● Work item:
Your output consists solely of the lines from the one that contains "07.12.2025 - St." to the end of the material, each reproduced exactly; pictures do not belong in it.

____ The data

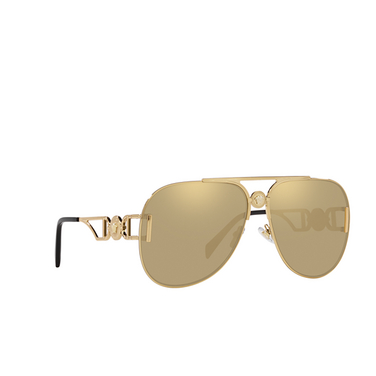 Versace VE2255 Sunglasses 100203 gold - three-quarters view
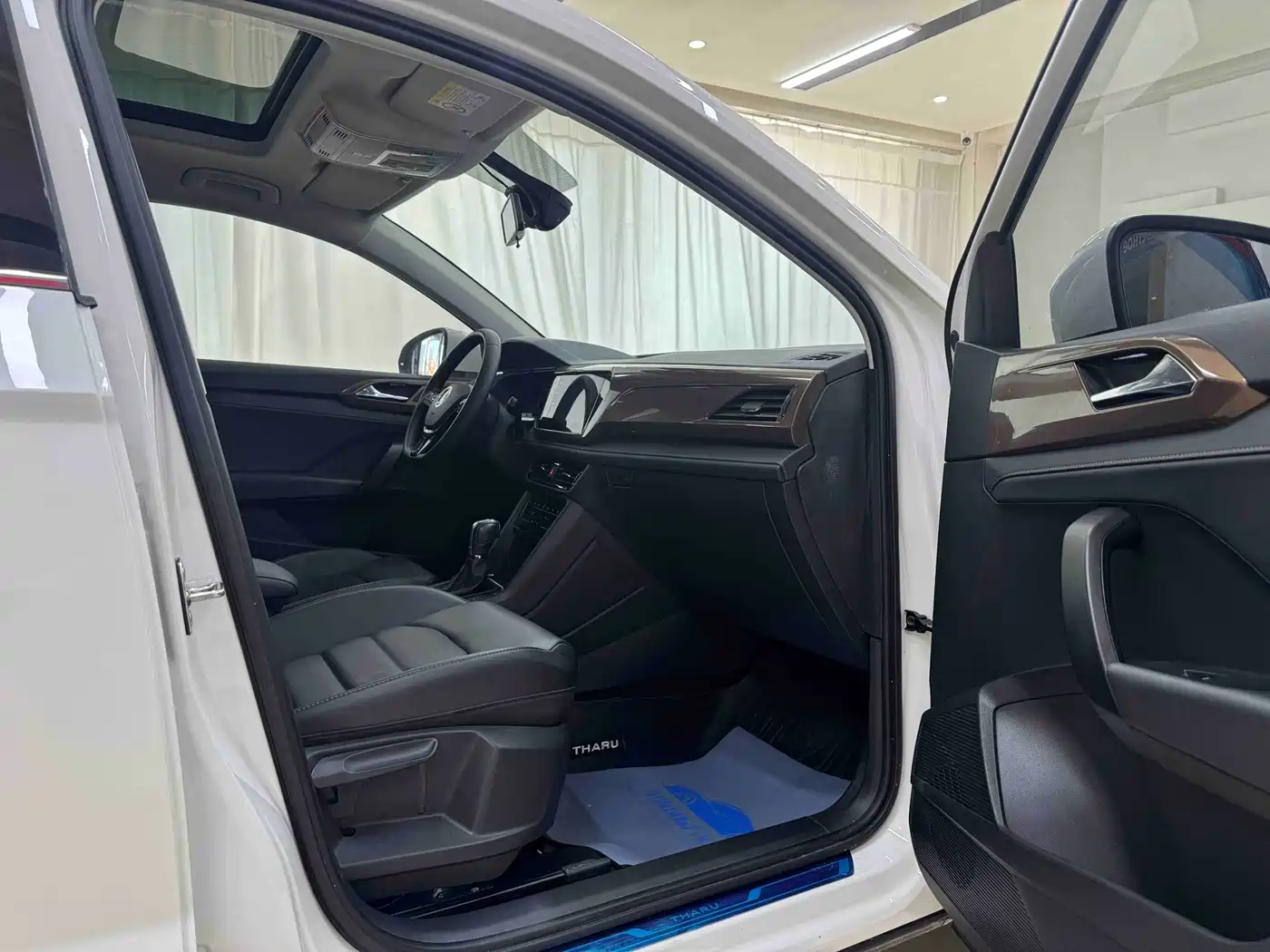 Volkswagen Tharu 2021 280TSI 2WD Luxury Plus фото 10
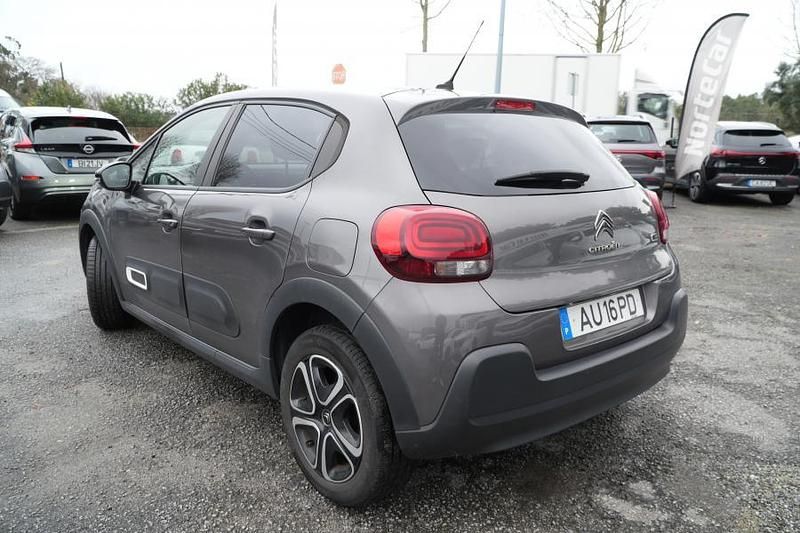 Usado Citroën C3 Feel 102 HP (75 kW) 2022 Cinzento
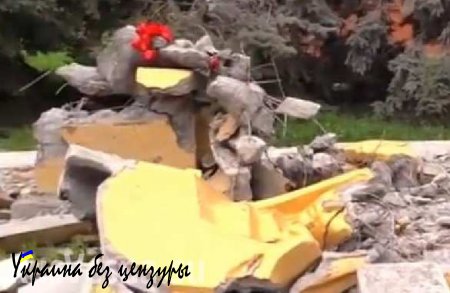 Каратели разбомбили школу и памятник бойцам ВОВ в Саханке (ВИДЕО)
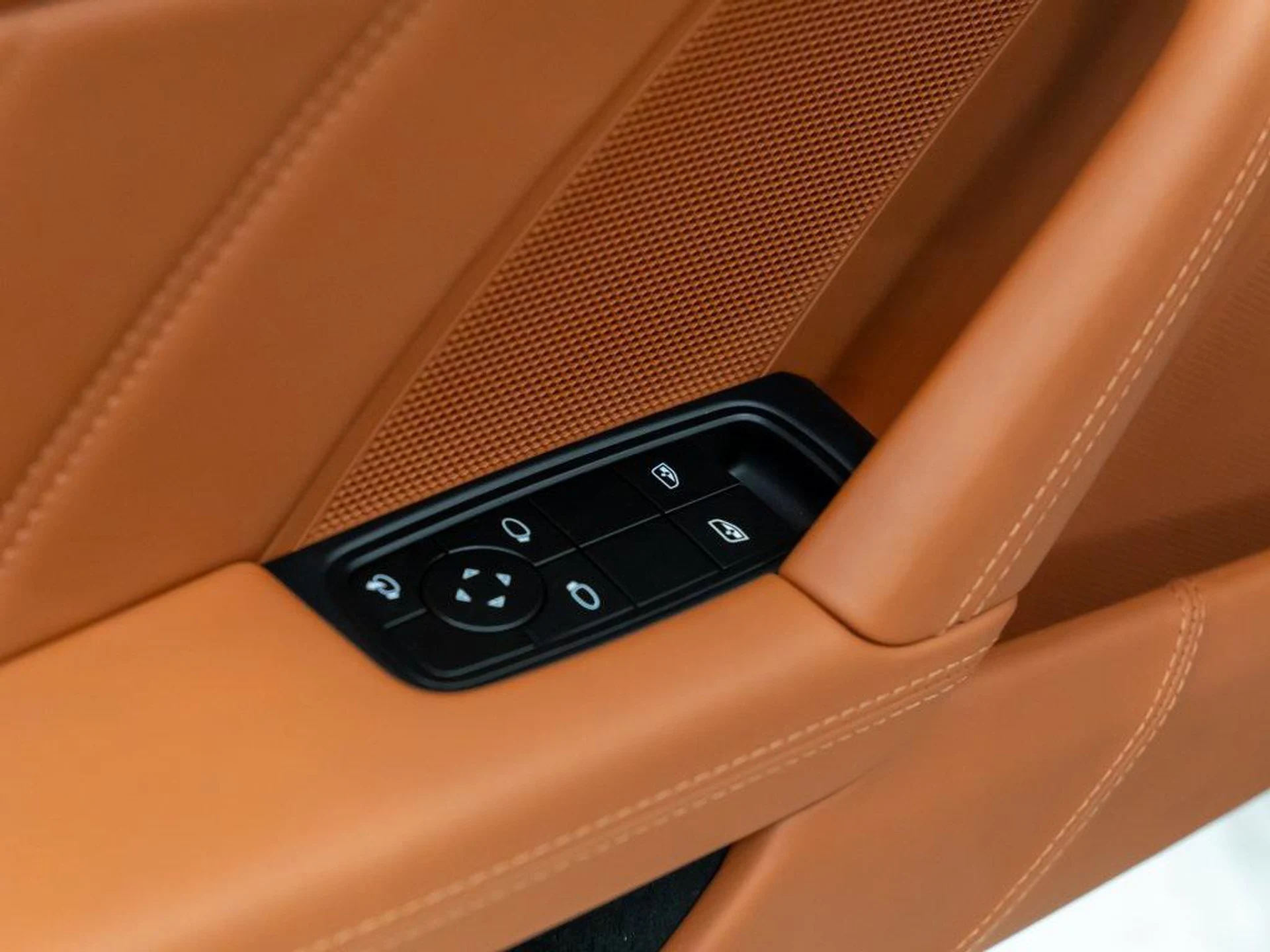 mph016_914042894_Pa_Gg_Xc_T_Olhh_Dem_R26ei3u_Zc_LS_94_c9ca1231cb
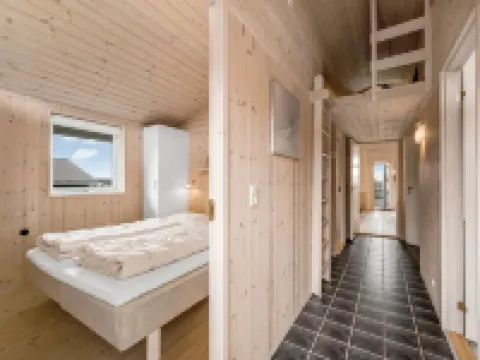 "Lucio" - 350m to the Fjord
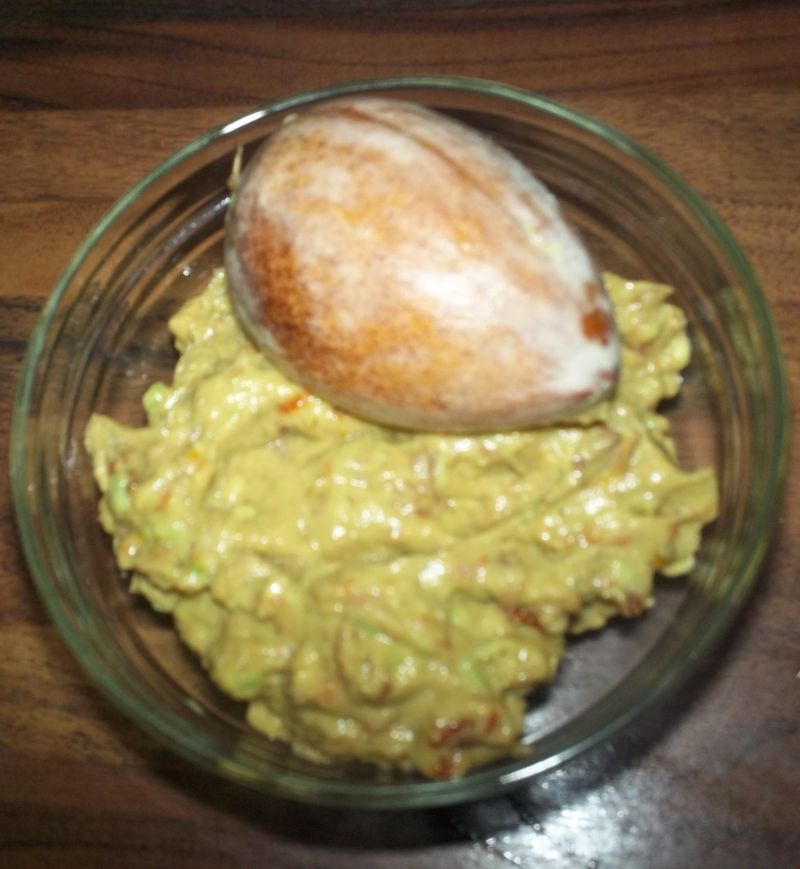 Pasta z awokado i suszonych pomidorów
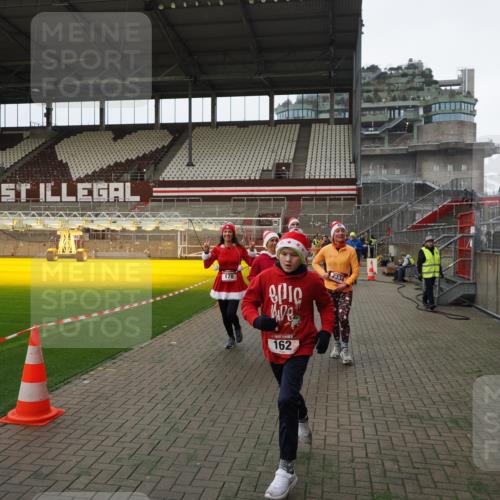 07.12.2025 - St. Pauli X-Mass-Run No. 15 Fabian Wolf http://msf.ph/oto/9397596 07.12.2025 10:46:09 Ziel 38, 41, 162, 178, 183, 908, 1041, 1094, 1715, 1955, 2080, 2082, 2216, 2334, 2423, 2574, 2733, 2734 meine-sportfotos.de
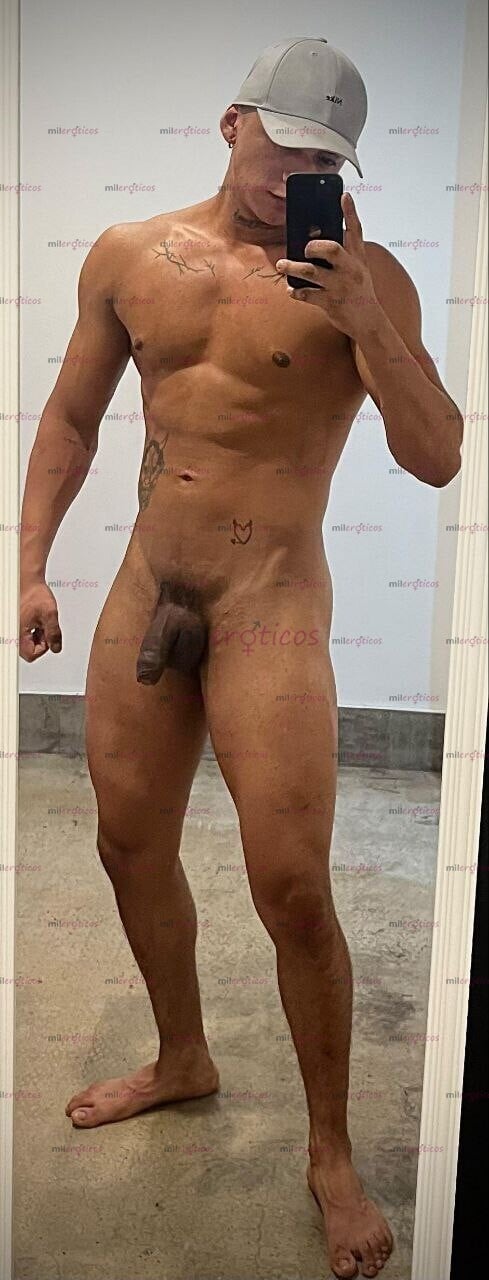 FOTOS DE ME LLAMO EDGAR,SOY UN CHICO DE 20 AÑOS QUE CUMPLE CUMPLE CUALQUIER FANTASÍA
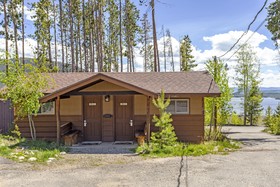 Grand Lake Lodge
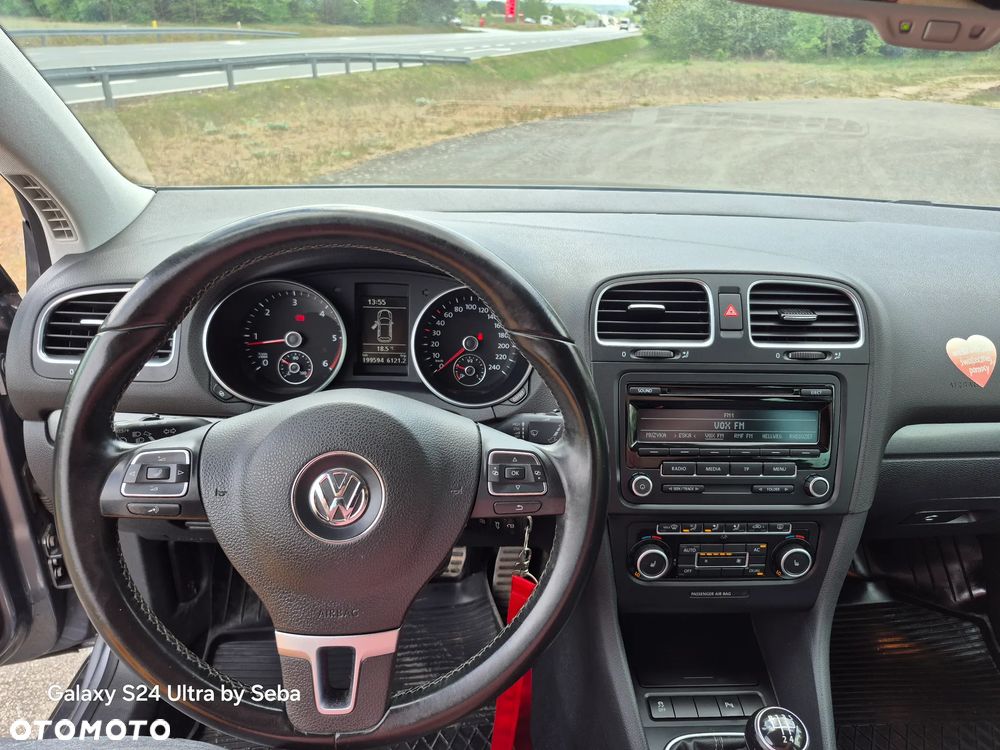 Volkswagen Golf 1.6 TDI Highline - 14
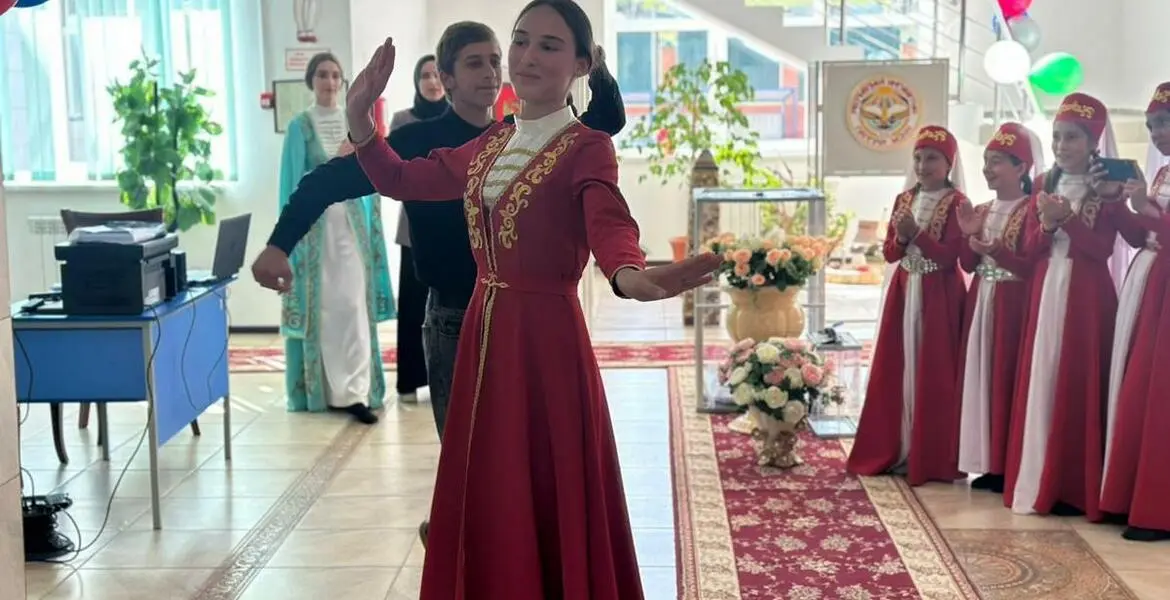 Новости Ингушетии: Къона артисташ илли оалаш, халха бувлаш ба Оалкамарча хоржамий даькъ тӀа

________

● The answer:
 07.12.2025 - St. Pauli X-Mass-Run No. 15 Fabian Wolf http://msf.ph/oto/9397596 07.12.2025 10:46:09 Ziel 38, 41, 162, 178, 183, 908, 1041, 1094, 1715, 1955, 2080, 2082, 2216, 2334, 2423, 2574, 2733, 2734 meine-sportfotos.de
 FOTOS DE ME LLAMO EDGAR,SOY UN CHICO DE 20 AÑOS QUE CUMPLE CUMPLE CUALQUIER FANTASÍA
 Grand Lake Lodge
 Volkswagen Golf 1.6 TDI Highline - 14
 Новости Ингушетии: Къона артисташ илли оалаш, халха бувлаш ба Оалкамарча хоржамий даькъ тӀа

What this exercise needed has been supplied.